Grant Wilson / University of Massachusetts Amherst
Thursday, April 13, 2023
3:45 p.m.
LGRT 1033
Title:
Swinging for the Fences - An Update on the TolTEC Project
Abstract:
The TolTEC Imaging Polarimeter is a new, 7000 pixel, millimeter wavelength camera. The camera is now installed and making commissioning observations at the Large Millimeter Telescope, after which it will both start a series of Legacy Surveys and be available for PI-led LMT projects. In this talk I will endeavor to bring everyone up to date on the instrument's status and prospects for new data. I will describe key aspects of the technologies that underlie the camera, review the key science questions that motivated its construction, describe its capabilities on the LMT, and focus in on our plans for the initial set of our TolTEC Legacy Surveys. I'll conclude the talk by returning to my laptop to continue working on the commissioning data.
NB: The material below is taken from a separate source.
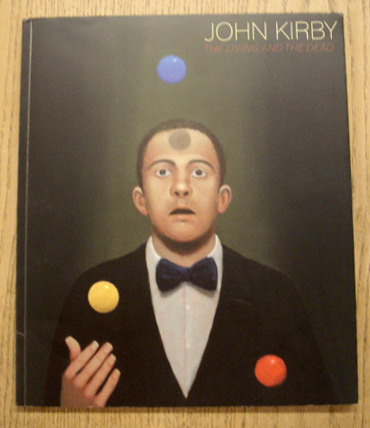 KIRBY, JOHN. John Kirby, the Living and the Dead.
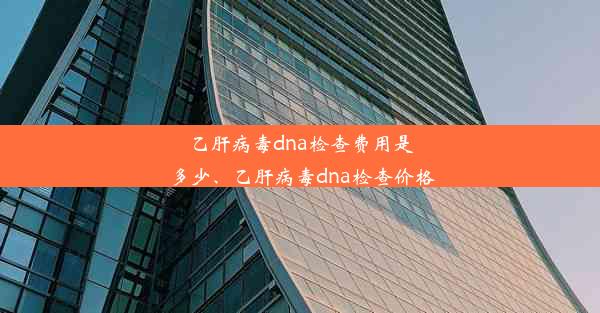 乙肝病毒dna检查费用是多少、乙肝病毒dna检查价格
Rachel Bezanson, University of Pittsburgh
Thursday, April 6, 2023
3:45 p.m.
LGRT 1033
Title:
How it started . . . How it’s going: tracing the formation and evolution of massive galaxies through cosmic time
Abstract:
Galaxies are extraordinarily complex collections of stars, gas, and dark matter. The largest galaxies, though relatively rare in number, host most of the stars in the Universe and deep in their cores harbor the most extreme supermassive black holes. Today massive galaxies are red and dead ellipticals with little ongoing star formation or organized rotation; naturally they were expected to be relics of a much earlier formation epoch. In this talk I will briefly review the paradigm that has emerged over the last decade, discussing the structural and kinematic evolution of massive galaxies during and after they stopped forming stars (“quenched”) and eventually transformed from rotationally supported disks into kinematically hot ellipticals. I will describe my team’s observational efforts to characterize the histories of galaxies like our Milky Way and larger at several critical moments in the 14 billion year history of the Universe, each corresponding to a large spectroscopic program. Spectroscopic studies of distant galaxies reveal the chemical compositions, detailed star formation histories, and internal motions of stars and gas and are necessary to answer open questions about the details of that cosmic formation and shutdown. This work includes studying galaxy metamorphosis at ~half the age of the Universe, highlighting results from the ultra-deep LEGA-C spectroscopic survey of ~3500 massive galaxies and the focused multi-wavelength SQUIGGLE survey of post-starburst galaxies caught immediately following their cosmic shutdown. I will discuss our JWST UNCOVER treasury program that will extend deep spectroscopic studies of galaxies to the earliest moments in cosmic history. Finally, my team will connect-the-dots through the peak of cosmic star formation (~10 billion years ago) using the next-generation massively multiplexed Prime Focus Spectrograph on the Subaru Telescope.